The task of enacting a new law to regulate companies in India is complete. The Companies Act, 2013, (“New Act”) in its new avatar, mirrors several changes when compared to the law contemplated under the Companies Act, 1956 (“Old Act”). It brings in a whole new set of expected and unexpected changes to the existing regime governing Indian company law. Under the Old Act, sections 391 to 396 deal with Compromises, Arrangements and Amalgamation, whereas Chapter XV of the Old Act encompasses Sections 230 to 240 governing Compromises, Arrangement and Amalgamations. This article highlights a few key changes made in the New Act on mergers and amalgamations and the likely impact on industry.
Although substantial changes have been incorporated in the New Act, several key provisions remain unchanged. For example, the acceptance of a scheme or merger or amalgamation by three-fourths of the shareholders, like in section 391(2) of the Old Act, is still a pre-condition to a merger or amalgamation. The power of the Central Government to order a merger or amalgamation in the interest of the nation is untouched and is placed in Section 237. Further, the obligation to maintain records of the mergers/amalgamations is retained in Section 239 as its importance cannot be ignored. Other matters like convening meetings, obtaining the permission of the regulatory authorities and the Central Government in cases of mergers or amalgamations remain unaltered.
Mergers and Amalgamations: the distinction remains unexplained
While the Income Tax Act 1961 (“IT Act”) distinguishes clearly between mergers and amalgamations, the Old Act and the New Act the two are used interchangeably and the procedures for both are identical. Section 234 of the New Act states that the provisions of the New Act shall apply mutatis mutandis to both mergers and amalgamations, thus acknowledging that a merger and amalgamation may be conceptually different but are deemed to be the same for all purposes. As a result, no statute, except the IT Act, exists to differentiate a merger from an amalgamation, and the reason explained in the IT Act, shall remain to be the sole provision explaining the distinction between a merger and an amalgamation.

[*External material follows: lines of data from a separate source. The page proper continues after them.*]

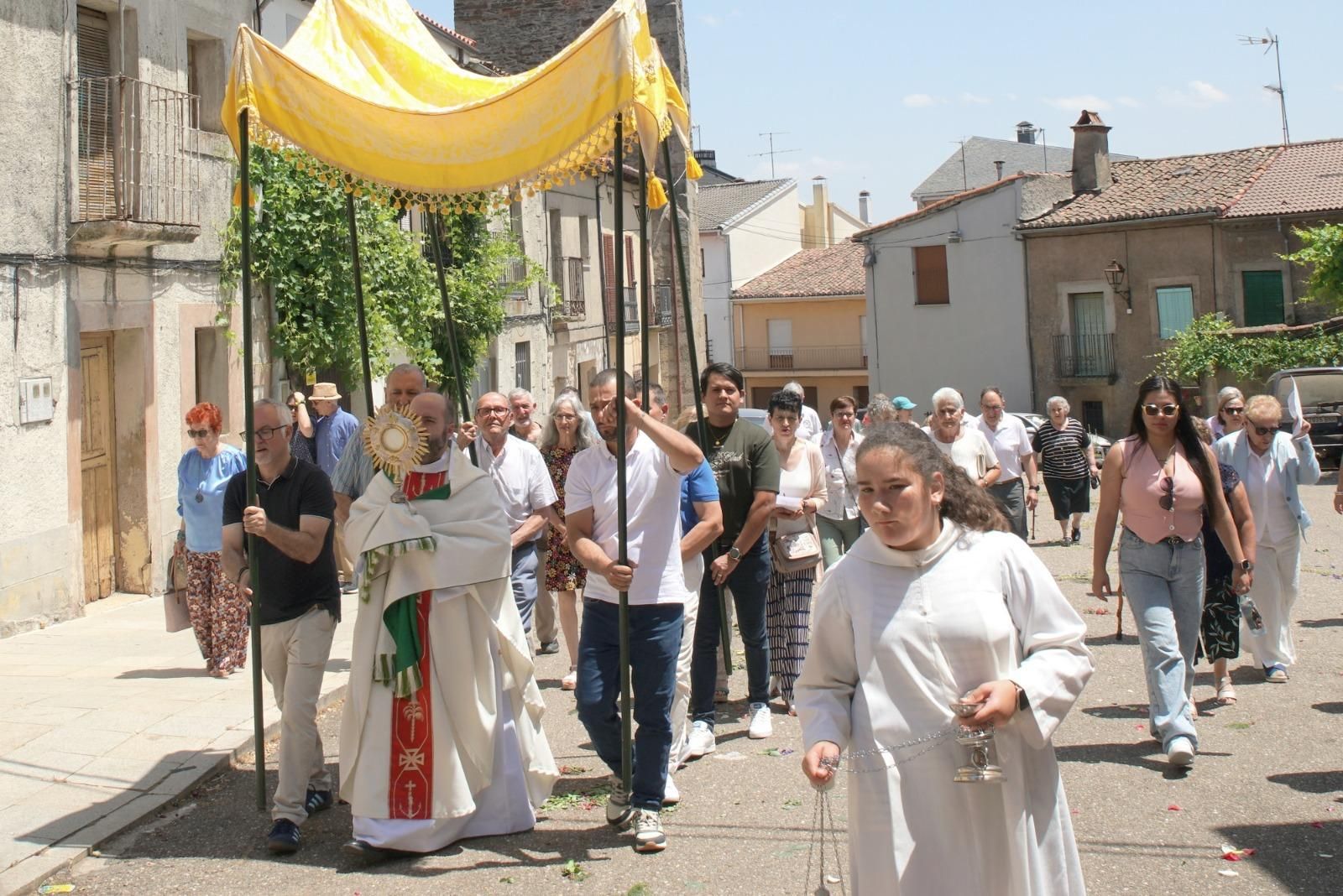GALERÍA | Corpus en Alcañices y Grisuela, y San Juan en Tábara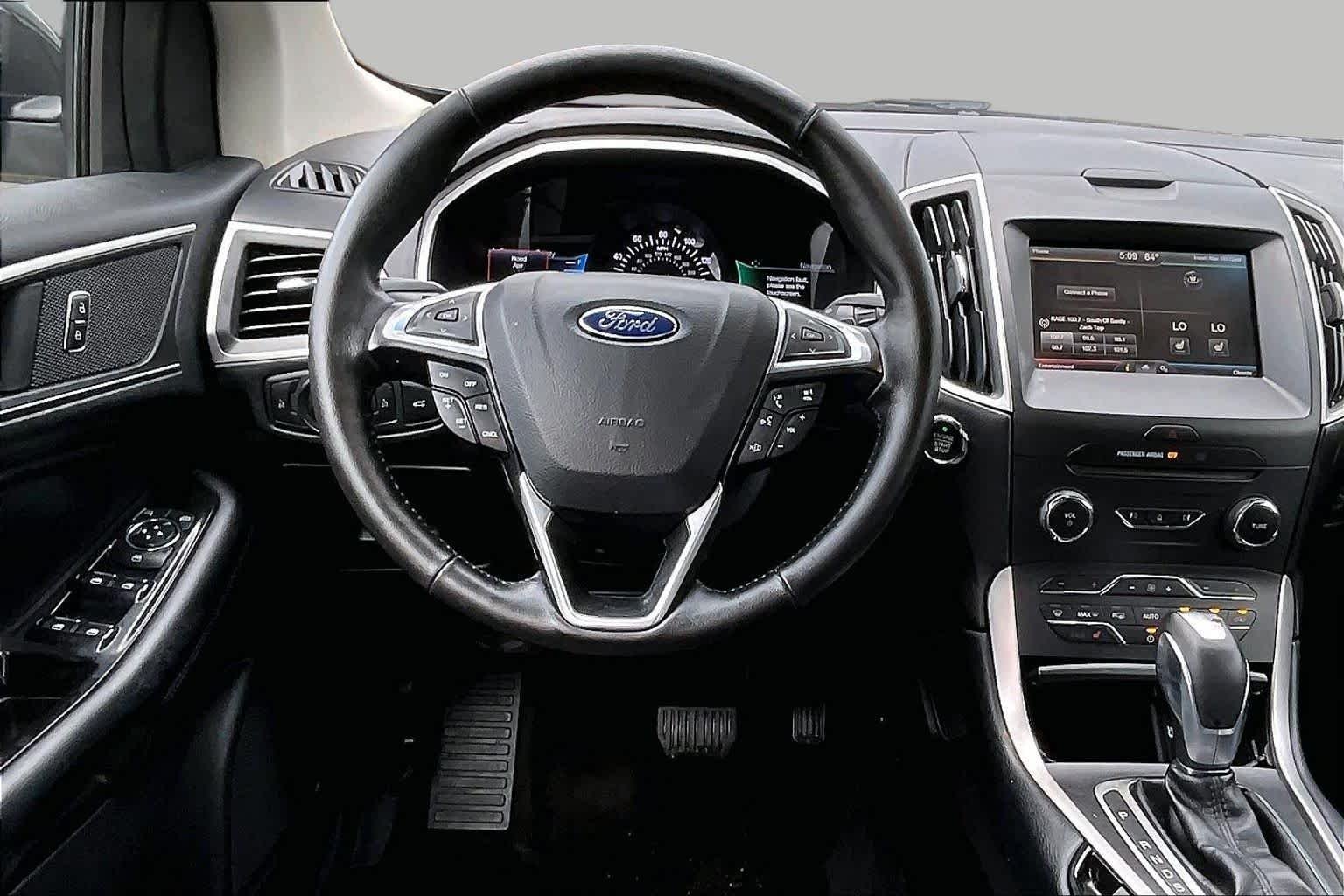 Used 2015 Magnetic Metallic Ford SEL image 8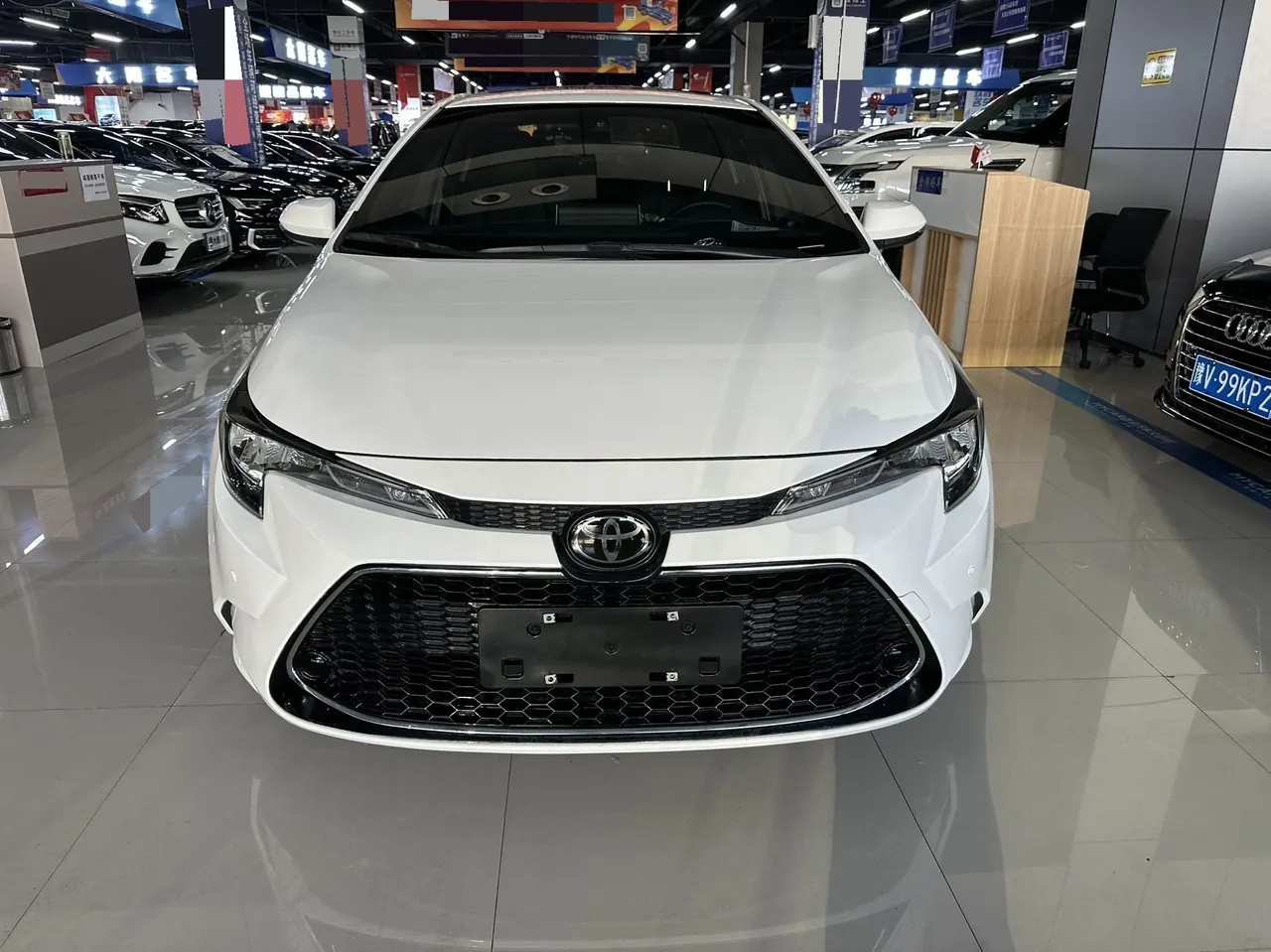 Toyota 2022 Lei Ling 1.2T Stepless 185T Deluxe Automatic Gear 2
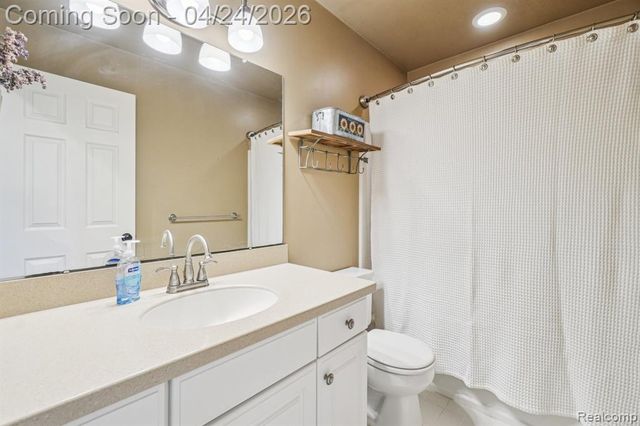 5819 Valley Drive, Clarkston, MI 48348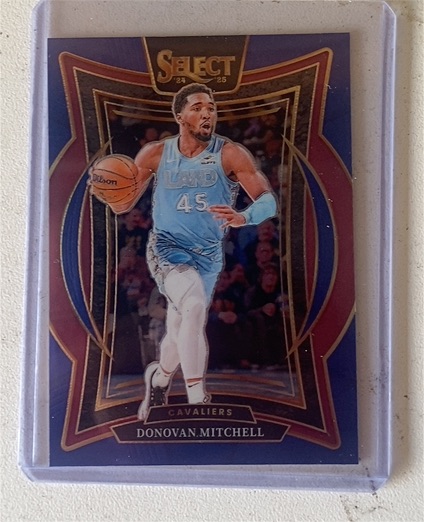 2024-25 Panini Select #21 Donovan Mitchell — front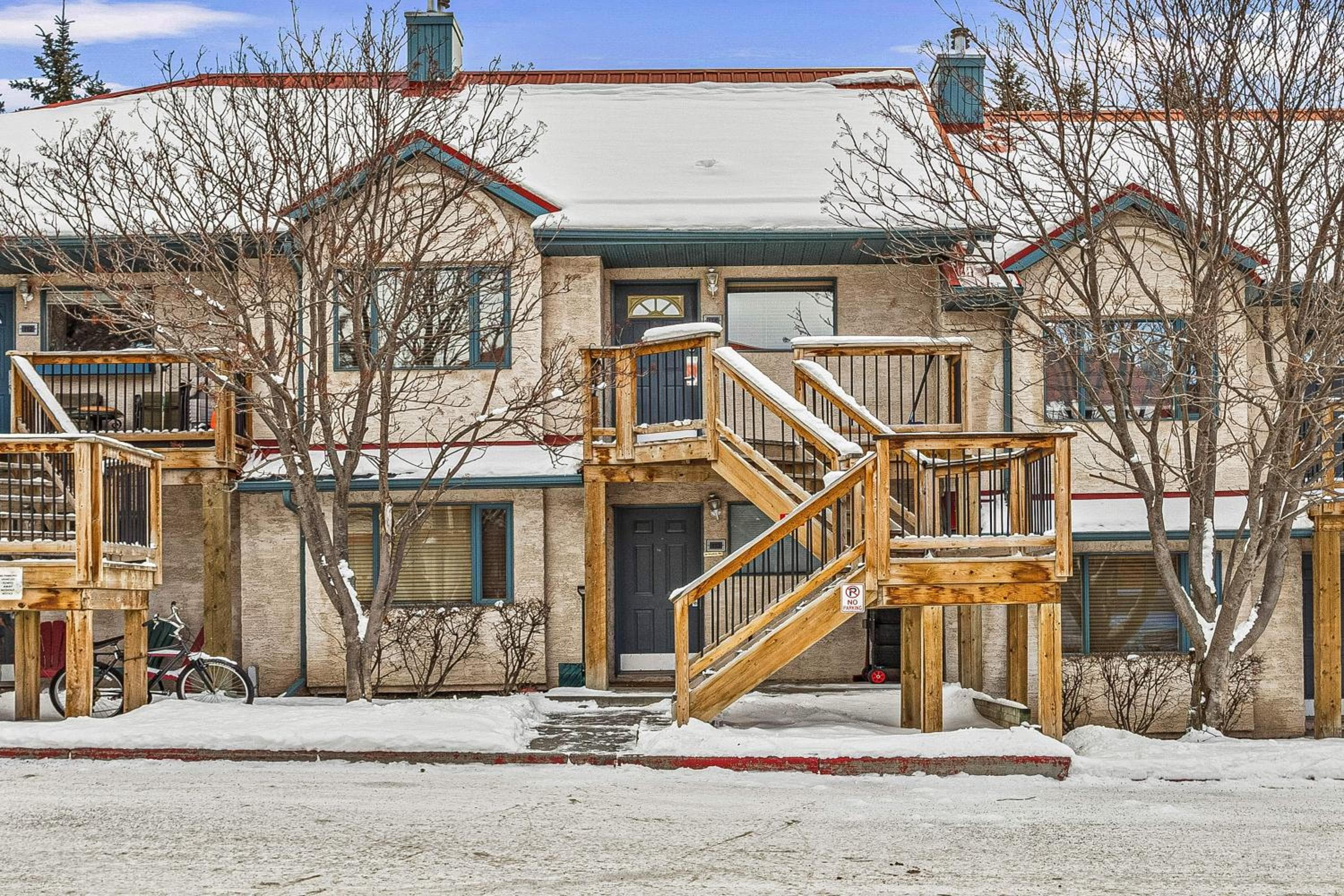 Bow Valley Chalets-Entire 2 King Bedrooms townhouse, Canmore
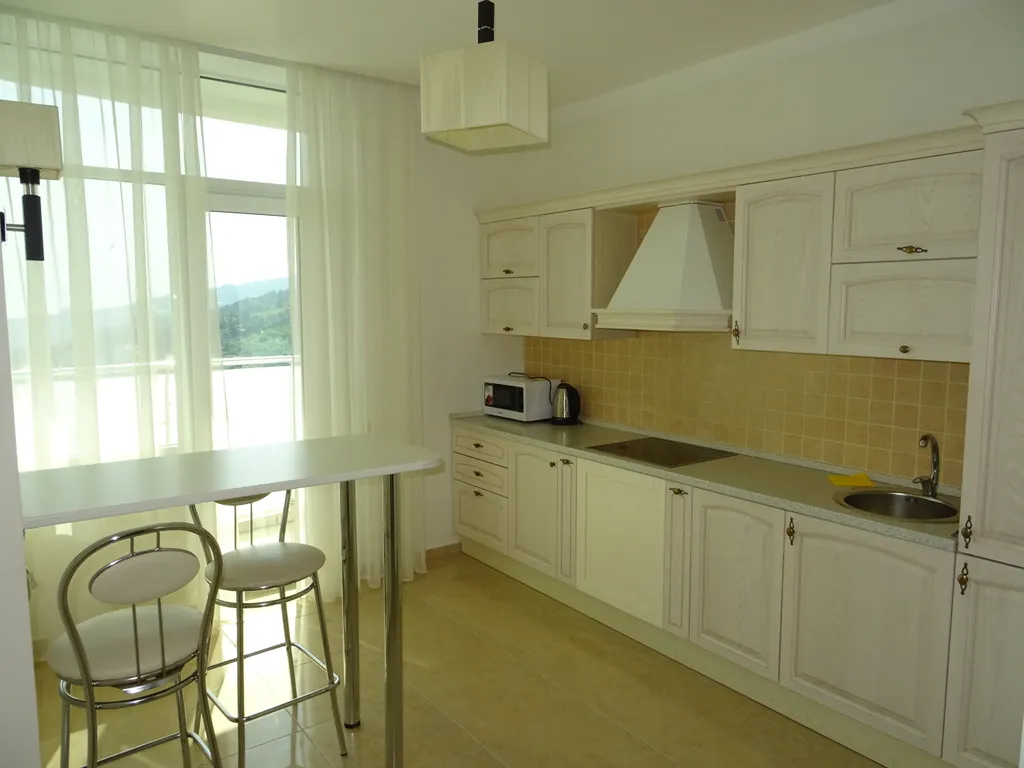 Огромная квартира с бассейном и видом на море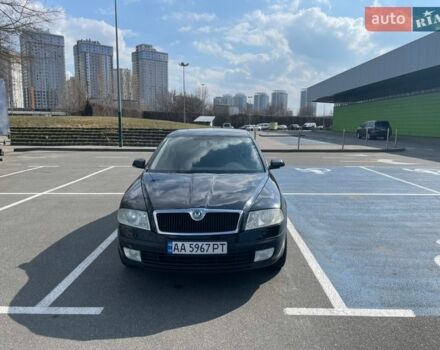 Черный Шкода Октавия, объемом двигателя 2 л и пробегом 312 тыс. км за 5500 $, фото 1 на Automoto.ua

National Company Law Tribunal to perform erstwhile functions of High Courts
Under the Old Act, the High Courts were endowed with the power to sanction a scheme of merger/amalgamation. However, as per the provisions of the New Act the power given to the High Courts would be invested with the National Company Law Tribunal (NCLT). This change should help in shortening the time taken in obtaining sanctions in cases of mergers and amalgamations.
Voting through postal ballot
Under the Old Act, the shareholders or the creditors, as the case may be, may be present either in person or in proxy for approving the scheme of amalgamation/merger. The New Act goes a step further and provides another mode of voting. Sub-clause (4) of Section 230 envisions adoption of a scheme under Chapter XV by postal ballot.
Notice of the meetings
Sub-clause (5) of Section 230 of the New Act obligates companies to send a notice of meeting to approve a merger/amalgamation to various government authorities such as Central Government, the Income Tax Department, SEBI, RBI, Registrar of Companies, the respective stock exchanges, the official liquidator, the Competition Commission of India, and if the need be, to any other regulatory authority likely to be affected by the merger/amalgamation for seeking representations from the respective authorities if any within a period of 30 days from the date of receipt of such notice. Under the Old Act, notices are to be sent mandatorily to the Central Government, Registrar of Companies and Official Liquidator and the concerned stock exchanges. Further, under the Old Act if no report is provided by the authorities then it is not deemed to have been approved. Whereas, as per the New Act, if the representations are not provided within 30 days from the date of receipt of the notice then, it is presumed that the authorities have no representations to make on the proposals.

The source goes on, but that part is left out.